Material provided START

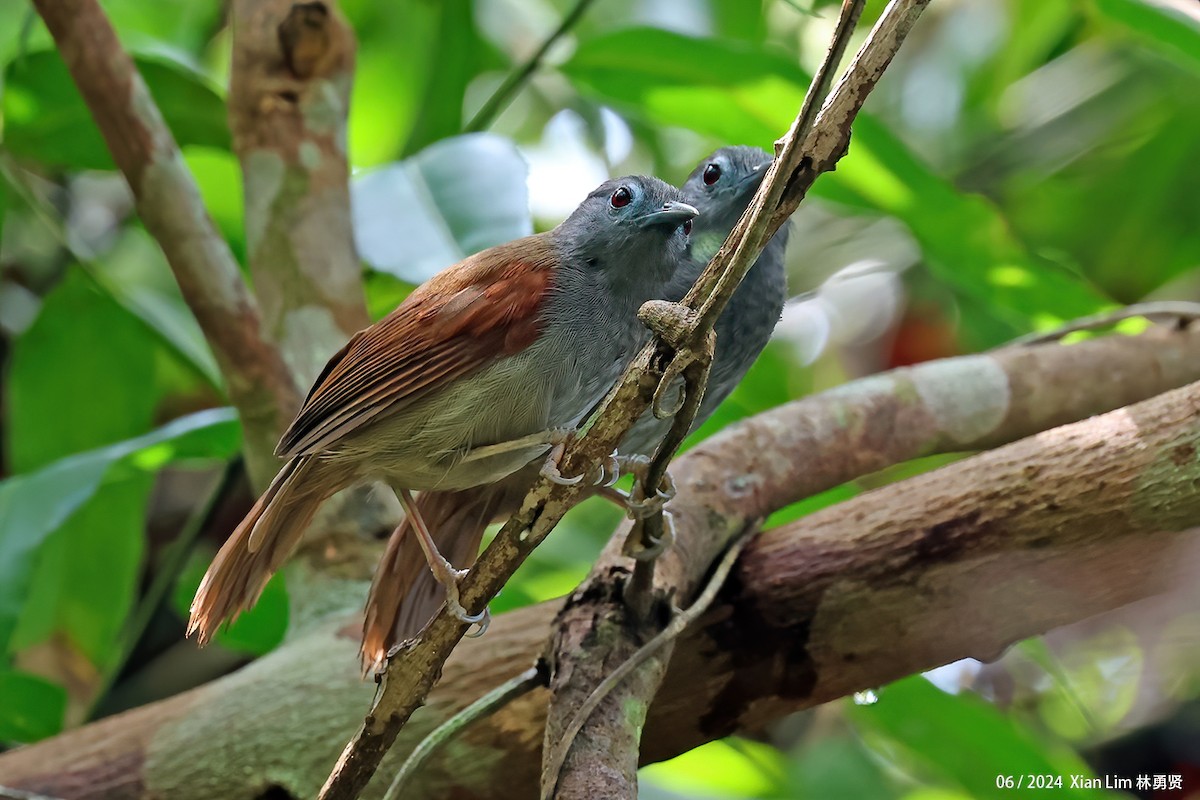 Chestnut-winged Babbler - Lim Ying Hien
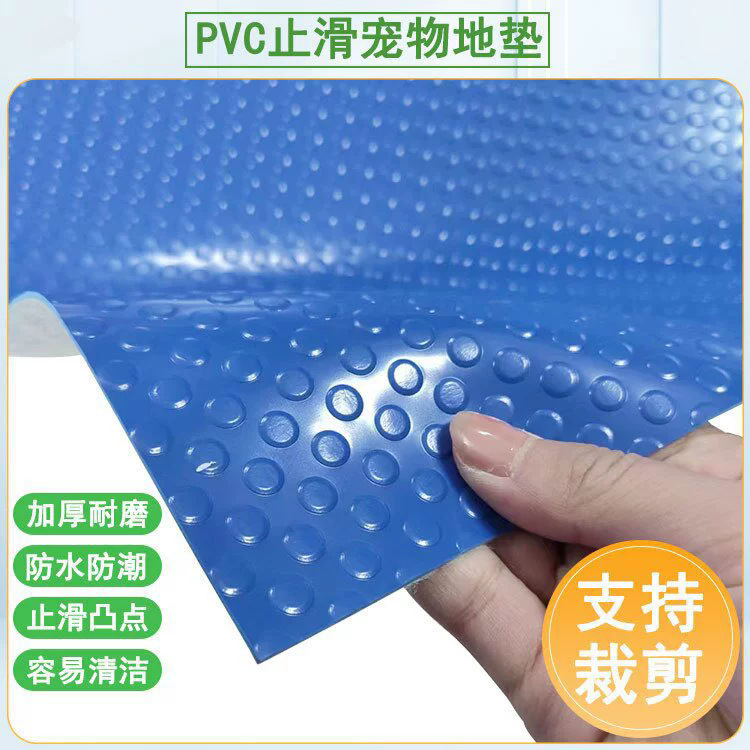 O1CN01NNSENU1S1EqL5GvoG_!!2986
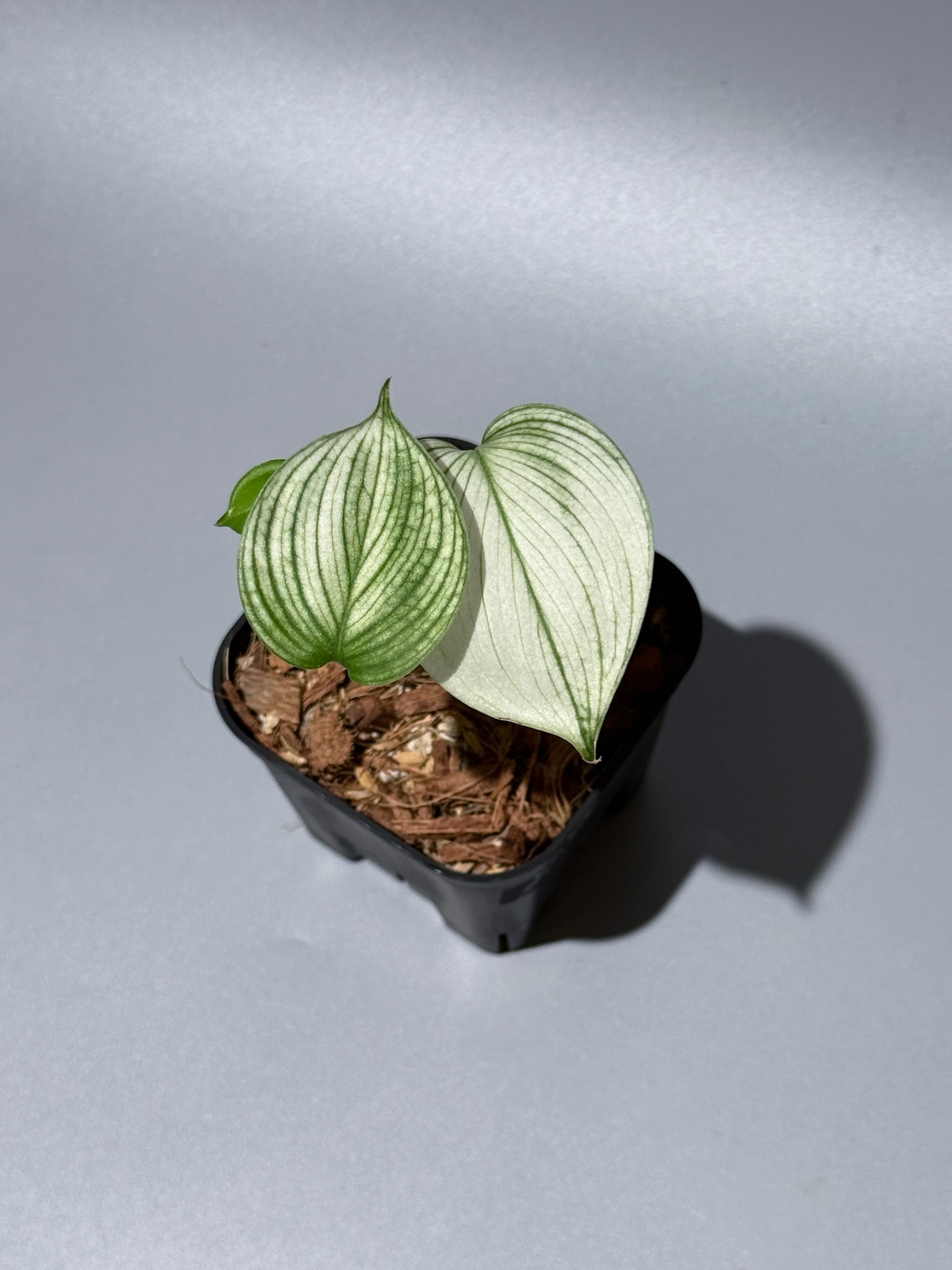 スキンダプサス ホワイトモンスター / Scindapsus whitemonster (1)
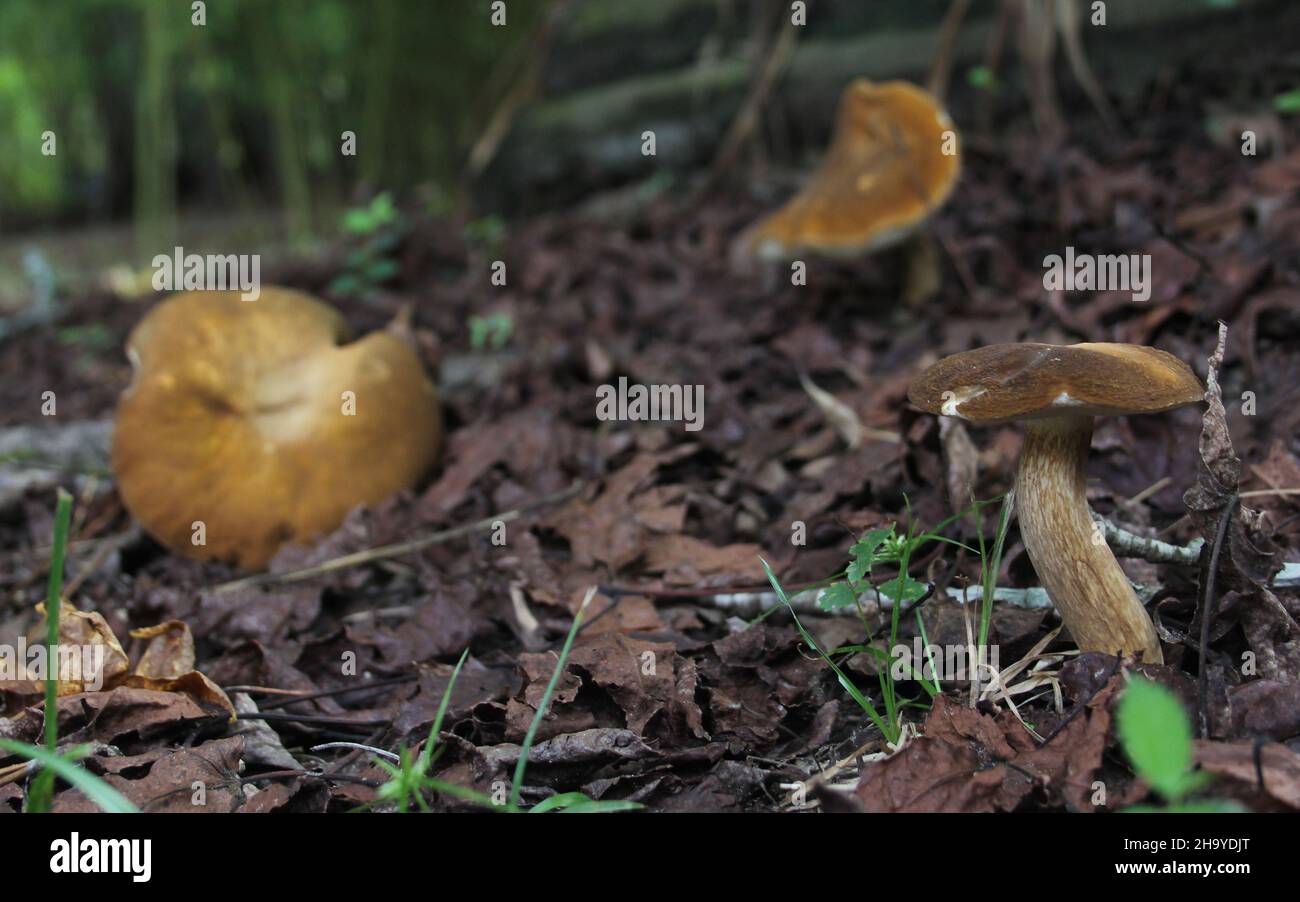 Wild Mushrooms growing in Forest in Rural East Texas Stock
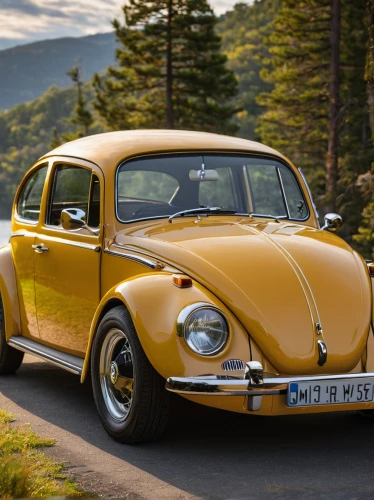 volkswagen beetle,volkswagen new beetle,vw beetle,the beetle,beetle,bumblebee,volkswagen 181,porsche 356,porsche 356/1,volkswagen vw,volkswagen type 3,356 b,vw model,beetles,vw bulli,volkswagen type 14a,volkswagen karmann ghia,brush beetle,volkswagen brasilia,bumble bee,Illustration,Children,Children 02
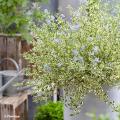 Ceanothus for pot-growing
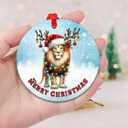 2 x Christmas Ornament - Lion Merry Christmas Ceramic Ornament, Xmas Tree Decoration, Hanging Ornament, for Family, Friends, Animal Lovers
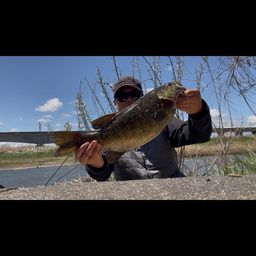 スモールマウスバス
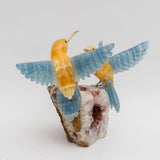 Danza de luz y fuego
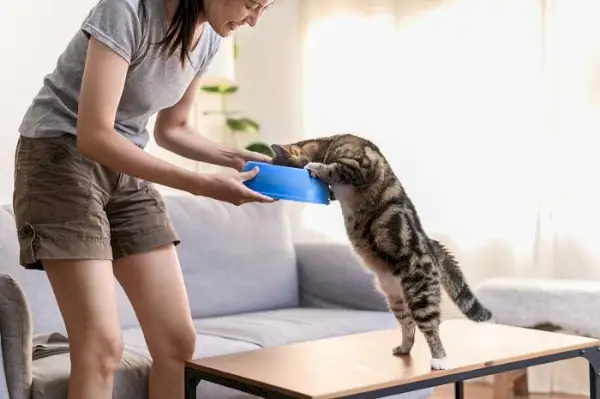 Eine Frau und eine Katze essen zusammen und veranschaulichen die Bindung zwischen einer Katze und ihrer Bezugsperson während der Mahlzeit.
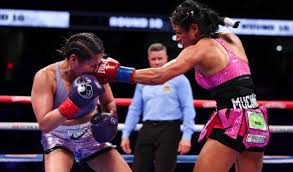 Miguel Cotto Promotions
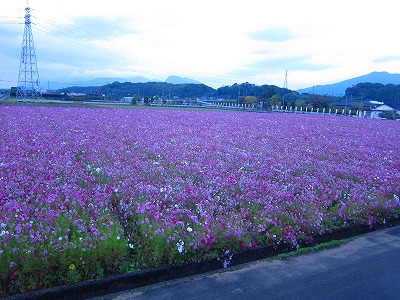 e0224118_21131558.jpg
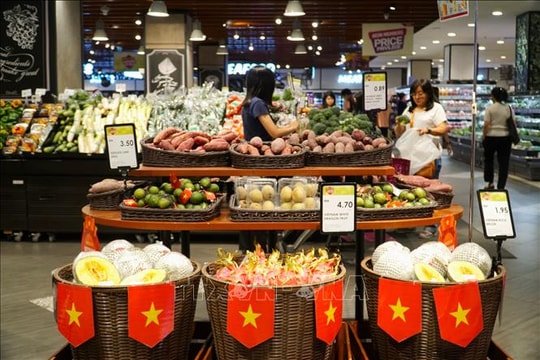 Huy động người Việt Nam ở nước ngoài giới thiệu, tiêu thụ sản phẩm, phát triển kênh phân phối hàng Việt Nam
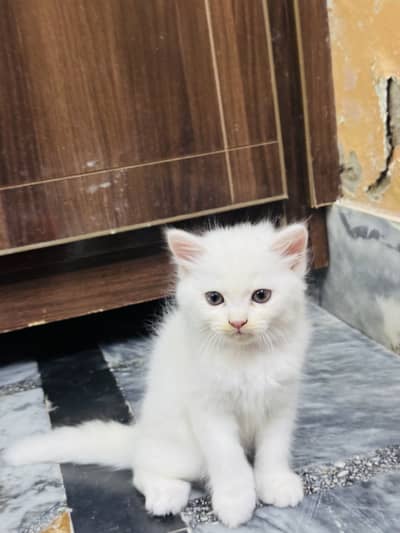 3 Persian cats Male and Female Available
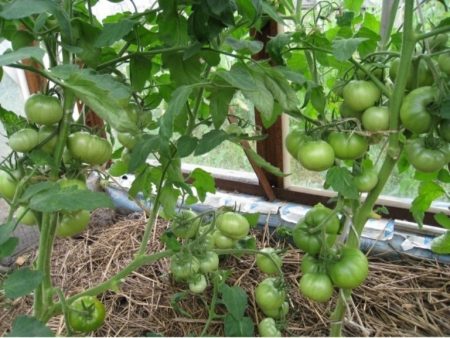récolte de tomates vertes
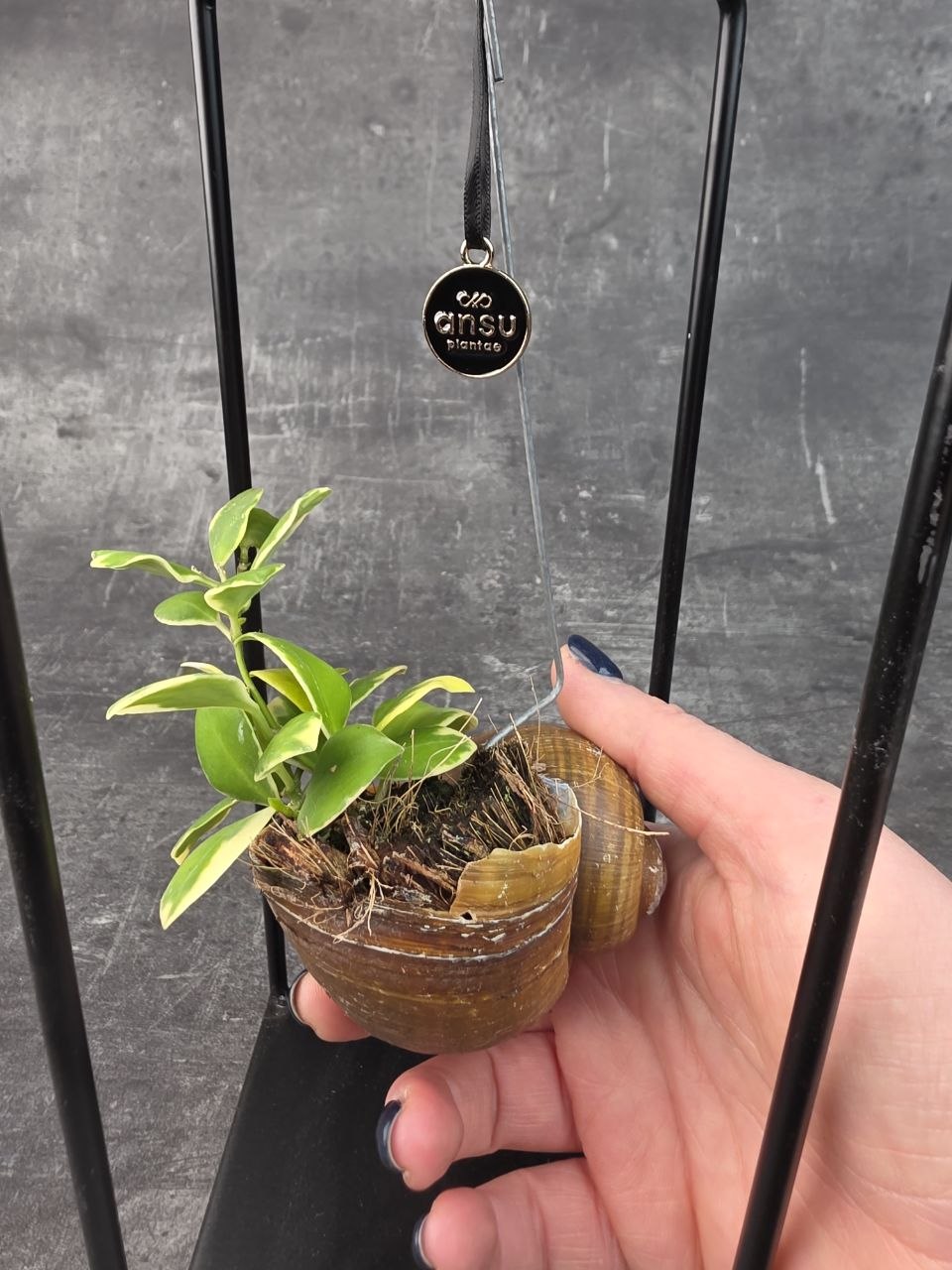 Hoya ve šnečí ulitě a černém čtveratém stojanu Hoya heuschkeliana variegata (8)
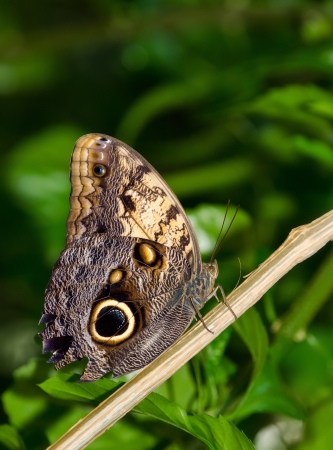 Owl butterfly (Caligo)の写真素材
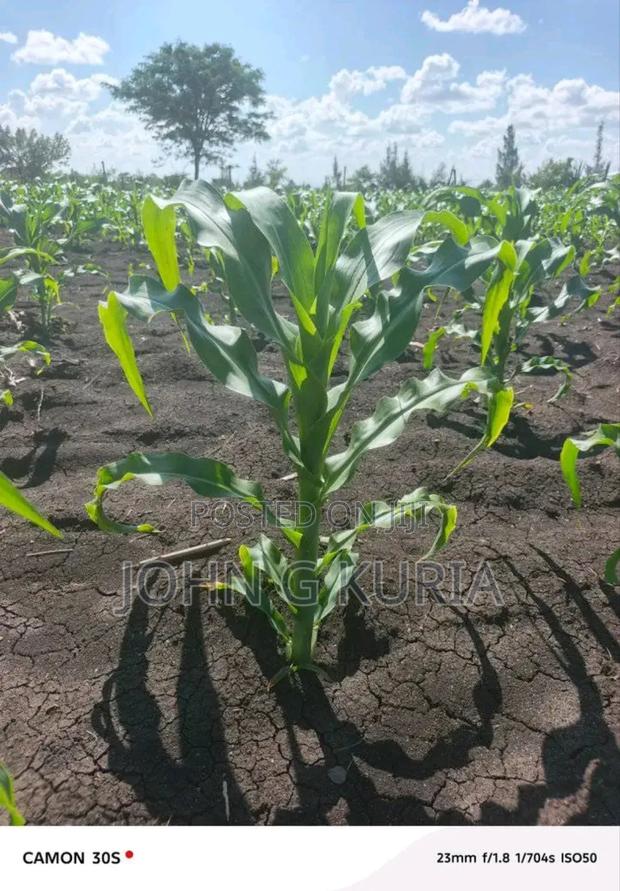 Land for Sale - thumbnail 7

Material provided END

All records above are to be repeated exactly, with the images left out.

 Chestnut-winged Babbler - Lim Ying Hien
 O1CN01NNSENU1S1EqL5GvoG_!!2986
 スキンダプサス ホワイトモンスター / Scindapsus whitemonster (1)
 Wild Mushrooms growing in Forest in Rural East Texas Stock
 volkswagen beetle,volkswagen new beetle,vw beetle,the beetle,beetle,bumblebee,volkswagen 181,porsche 356,porsche 356/1,volkswagen vw,volkswagen type 3,356 b,vw model,beetles,vw bulli,volkswagen type 14a,volkswagen karmann ghia,brush beetle,volkswagen brasilia,bumble bee,Illustration,Children,Children 02
 Ceanothus for pot-growing
 2 x Christmas Ornament - Lion Merry Christmas Ceramic Ornament, Xmas Tree Decoration, Hanging Ornament, for Family, Friends, Animal Lovers
 スモールマウスバス
 Danza de luz y fuego
 Eine Frau und eine Katze essen zusammen und veranschaulichen die Bindung zwischen einer Katze und ihrer Bezugsperson während der Mahlzeit.
 Miguel Cotto Promotions
 e0224118_21131558.jpg
 Huy động người Việt Nam ở nước ngoài giới thiệu, tiêu thụ sản phẩm, phát triển kênh phân phối hàng Việt Nam
 3 Persian cats Male and Female Available
récolte de tomates vertes
 Hoya ve šnečí ulitě a černém čtveratém stojanu Hoya heuschkeliana variegata (8)
 Owl butterfly (Caligo)の写真素材
 Land for Sale - thumbnail 7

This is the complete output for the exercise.